On ExtraTERRORestrial, these same effects were meant to horrify parkgoers, not gross them out. Through strategically placed speakers and 4D devices, riders heard repulsive slurping and crunching noises, then were sprayed in the face with warm water—making them think they had been splattered with fresh blood. At one point, harnesses pressed down onto riders’ shoulders to make it feel as if the monster was crouching on top of them. Warm air and water released from the seats replicated what it might feel like if the creature was slobbering down the back of each audience member's neck. Instead of watching the horror unfold on a screen, each guest was made to feel as though the alien was stalking them personally. Screams filled the room from start to finish, though it wasn't always possible to tell which cries for help were coming from audience members and which were part of the scripted show.
Eventually the monster was captured and the lights came back on, revealing that no one in the theater had actually been harmed ... or consumed.

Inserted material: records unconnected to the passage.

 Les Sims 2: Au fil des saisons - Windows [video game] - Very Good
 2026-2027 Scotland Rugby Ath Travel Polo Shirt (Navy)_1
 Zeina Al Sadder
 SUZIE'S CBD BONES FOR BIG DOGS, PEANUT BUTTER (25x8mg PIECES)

Though the ride didn’t inflict any physical damage, it did leave some psychological scars. Children often left the theater in tears. As The Missoulian reported in 1996, one 9-year-old was too scared to get an ExtraTERRORestrial T-shirt from the gift shop after the show. Karal Ann Marling, author of Designing Disney's Theme Parks, told the Ottawa Citizen, "This is the first time in a Disney park you're really, authentically scared.”
Stitch invades ExtraTERRORestrial
Throughout the late 1990s and early 2000s, ExtraTERRORestrial was Disney World’s most divisive attraction. Young kids and parents coming to Disney to see Cinderella and Goofy may have felt betrayed by the ride’s intensity, but older kids and teens, the group Eisner originally wanted to win over, loved it.
Despite the praise it received, ExtraTERRORestrial’s life at Disney World was cut short. In 2003, Disney closed the ride with plans to open a new, much tamer theme park experience in its place: Stitch's Great Escape! recycled much of ExtraTERRORestrial’s setting, special effects, and concept—but instead of surviving an encounter with a bloodthirsty alien, riders instead faced the cute protagonist of Disney’s hit property, Lilo & Stitch.
Disney never explicitly stated why it shuttered ExtraTERRORestrial Alien Encounter, but it was clear they wanted Stitch’s Great Escape! to appeal to a wider audience. The Orlando Sentinel called the new ride, "a milder version of the Magic Kingdom's too-scary ExtraTERRORestrial Alien Encounter."
Designing it for everyone didn't make Stitch's Great Escape! very popular. The 4D effects that had felt thrilling on ExtraTERRORestrial now seemed obnoxious; instead of splattering you with "blood," Stitch let out a chili-dog scented burp in your face.
Attendance was so low that in the 2010s, the ride transitioned to seasonal operation. In 2018, the ride closed indefinitely, and while Disney denied reports that Stitch’s Great Escape! was gone for good, leaked images of a dismantled Stitch animatronic suggest the ride won’t be reopening.
Though ExtraTERRORestrial Alien Encounter has been closed for more 15 years, the demise of Stitch's Great Escape! is a loss for fans of the original attraction. The updated show had recycled many parts of the 1990s ride, including animatronics like Skippy the alien (he was never tortured in the Stitch version). Now nostalgic Disney lovers have to scour memorabilia on eBay for evidence that the horrifying Magic Kingdom ride ever existed.